On top of that, there's nothing quite as incentivising to ensure that problems rarely crop up as having to rise at 3am in order to re-boot a server when problems do arise. "You build it and you own it, even if you have to get out of bed at three in the morning to do it," he said.

"Trust your engineers, but make them responsible for the outcome," added the CISO at a major industrial company.

Or to put it another way, suggested Saxton, "trust but validate".

He continued: "DevOps, like Agile, is often accused of being devoid of governance.

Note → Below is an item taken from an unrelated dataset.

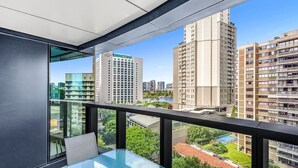 A modern apartment with a balcony, large windows, and a view of surrounding high-rise buildings. - 2BR Luxury Skytower Views CBD Pool Gym Netflix (Brisbane)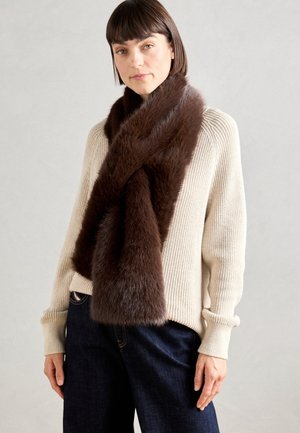 Kvinde iført beige strikket sweater, mørke bukser med vidde og et tykt mørkebrunt pels tørklæde draperet omkring halsen.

There's a huge responsibility on leadership to ensure that teams are moving towards the goal, to support and facilitate where that's not happening (rather than 'assure' and whip), and also to make decisions to 'kill' or 'pivot' when the data suggests your hypothesis is wrong."

You build it and you own it, even if you have to get out of bed at three in the morning to do it

While digital transformation and the need for organisations to provide services to customers online was driving most DevOps shifts, for some it was simply down to the decrepitude of existing systems and the urgent need to update them.

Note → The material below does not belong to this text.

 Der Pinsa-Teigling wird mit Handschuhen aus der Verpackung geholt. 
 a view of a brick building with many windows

The IT leader at a major media company described a key management application written in COBOL, running for decades on an ICL mainframe. However, while the software reliably ran and ran, engineers were finding it increasingly challenging to source spare parts for the mainframe when components failed.

The company was finally persuaded to invest in a wholesale shift when engineers couldn't even find spare parts second-hand on eBay. The new system, though, offers greater flexibility, better integration with new systems, and faster, more accurate reports.

Very often, companies think they're doing DevOps, but find that they're missing the essence of it when something goes catastrophically wrong. That's according to the CIO at one company that adopted DevOps to support a rapid shift towards an 80 per cent online-ordering business model.

Teams need to be aware of their inter-dependencies with other services

The company only found out about the ‘cracks' between different teams following what is called internally ‘the St Valentine's Day' massacre, when systems went down for two hours during one of its busiest days of the year. That instigated a re-examination of how the organisation ‘did' DevOps in order to learn from failure.

Indeed, learning from failure was another issue that caused some disagreement around the table. On the one hand, logs of ‘lessons learned' from failure are considered an essential part of the process. But the chief technology officer of a well-known financial services brand noted one case where an internal team had suffered the same failure over and over - with the lessons-learned report cut and pasted more than once from previous failures.

Clearly, lessons weren't being learnt.

The chief architect at another financial institution noted: "You've got to have people willing to fail and to fail often - but they've also got to learn from those failures."

In the case of the St Valentine's Day massacre, the post-mortem identified how the various elements of the IT organisation needed to come together better to learn how they had become inter-dependent and, therefore, the necessity to work together better.

And teams, and how they work together, are vitally important for DevOps.

All of the problems we solve are bigger than any one person, especially in enterprise settings

"As we move to more loosely-coupled architectures, teams need to be aware of their inter-dependencies with other services and to be able to continue to function in the event that those services or not available or degraded," said Saxton.

The IT leader of the media company claimed that he had taken the best part of a year to put together his team of around 20 engineers, but is now reaping the benefits. "Front loading that effort meant that the team now works well together and therefore sticks together," he said, adding that staff turnover was, consequently, exceptionally low.

Even internally, he was asked questions about the slow pace of team-building in that first year, rejecting candidates despite the strong recommendation of HR in favour of people who looked like 'solid' candidates.

Saxton added: "All of the problems we solve are bigger than any one person, especially in enterprise settings. It's more important that an engineer can collaborate than try and put out the world's fires on their own."

And that, hopefully, means no alerts going off at 3am.